Excellent book. Frank Viola hits a home run with this one.

With some exception, most of Evangelical Christianity can be segmented into two categories. Those on the right/conservative and those on the left/liberal with some variation in between. Evangelical Christianity is typically comprised of four key components: Biblicism, Conversionism, Crucicentrism, and Activism. Beyond Evangelical goes beyond the left/right paradox and focuses on the centrality and supremacy of Jesus Christ. Living by the indwelling life of Christ. Beyond Evangelical expands upon the evangelical quadrilateral with four additional notes: Christ-centered, Resurrection life-centered, Body life-centered, and Eternal-purpose centered. It appreciates the positive sides to the strengths found in both conservative and liberal Christianity while avoiding its weaknesses. To be clear, Beyond Evangelical is not anti-evangelical, non-evangelical, or post-evangelical. Instead, it takes evangelical and goes a step further entirely releasing itself from the man-made constraints of evangelicalism (theology, denominationalism, doctrine, etc) and relies solely on Christ. In essence, Beyond Evangelical offers a third way. Beyond Evangelical sounds a lot like "Deep Church" by Jim Belcher, but only better. Belcher's view gets muddled in the existing paradigms of left/right Christianity, whereas Beyond Evangelical doesn't.

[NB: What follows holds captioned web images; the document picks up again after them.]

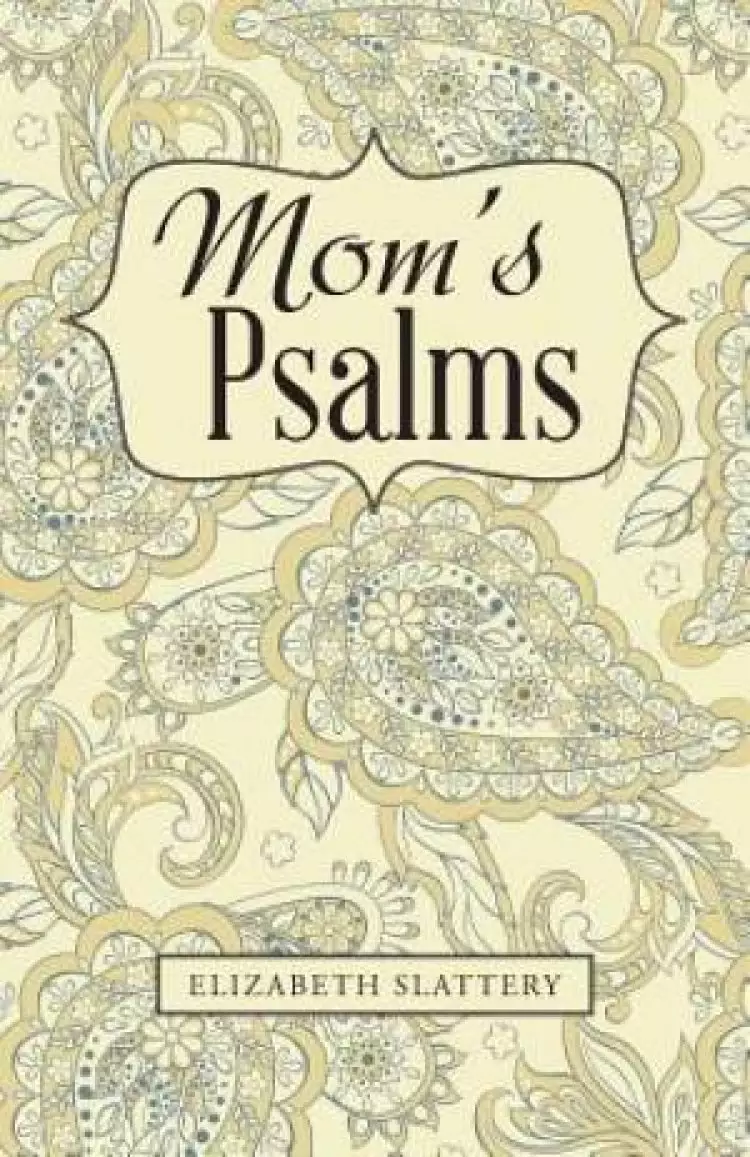 Mom's Psalms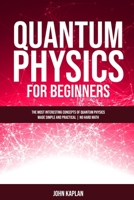 Quantum Physics for Beginners: The Most Interesting Concepts of Quantum Physics Made Simple and Practical - No Hard Math 1802431446 Book Cover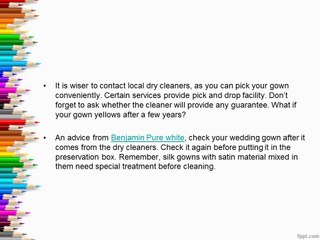 Benjamin Pure - It’s Time To Pamper Your Wedding Gown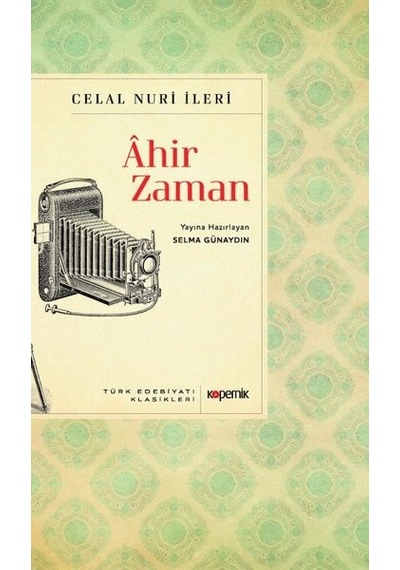 Ahir Zaman - Celal Nuri - Kopernik Kitap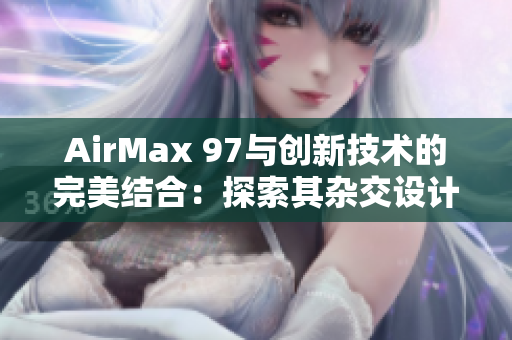 AirMax 97與創(chuàng)新技術(shù)的完美結(jié)合：探索其雜交設(shè)計(jì)與現(xiàn)代風(fēng)格的融合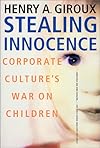 Stealing Innocence: Corporate Culture's War on Children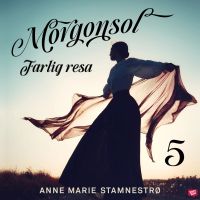 Farlig resa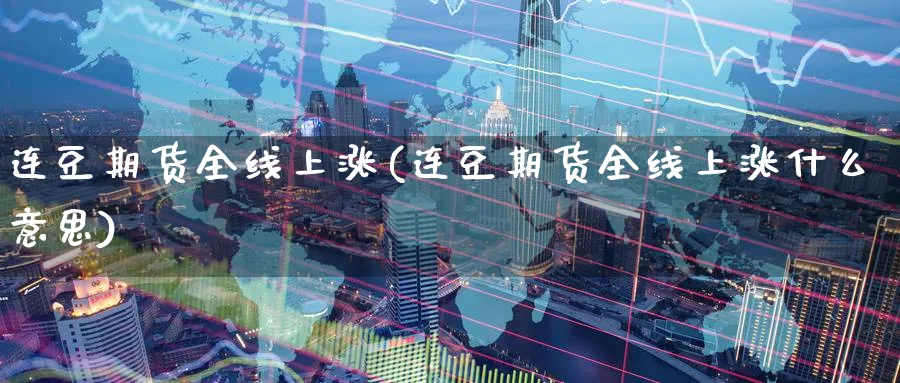 连豆期货全线上涨(连豆期货全线上涨什么意思)_https://www.nccrq.com_国际期货_第1张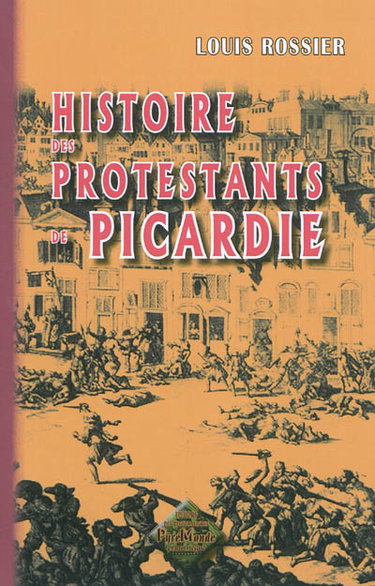 Couverture de Histoire des protestants de Picardie : particulièrement de ceux du département de la Somme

If you are tired of the bickering, left/right polarization, tribalism, and politics of evangelical Christianity, I highly recommend Beyond Evangelical. It seemingly crushes through these barriers and guides us once again to a very Christ centered life.

Perhaps the best summary of what it means to go "Beyond Evangelical" is this:

"To reject evangelical culture in favor of a more catholic, diverse and ancient expression of the Christian faith, while, adhering to evangelical doctrine without becoming part of team or faction operating under the illusion of superiority to others and a closure of the Christian conversation." (Location 1463 of 1970)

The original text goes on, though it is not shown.